» What to do: In the entries below, find the line with "Twin Over Twin" and the line with "Chaqueta Bomber Lambretta"; give again those lines and every line between them, exactly.

» Provided records:

= Beginning of Section =

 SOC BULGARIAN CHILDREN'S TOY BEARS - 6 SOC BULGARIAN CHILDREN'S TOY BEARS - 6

= End of Section =
= Beginning of Section =

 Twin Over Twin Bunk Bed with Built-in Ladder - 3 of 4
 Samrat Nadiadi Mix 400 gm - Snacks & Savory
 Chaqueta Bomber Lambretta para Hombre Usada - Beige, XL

= End of Section =

» Answer section:
 Twin Over Twin Bunk Bed with Built-in Ladder - 3 of 4
 Samrat Nadiadi Mix 400 gm - Snacks & Savory
 Chaqueta Bomber Lambretta para Hombre Usada - Beige, XL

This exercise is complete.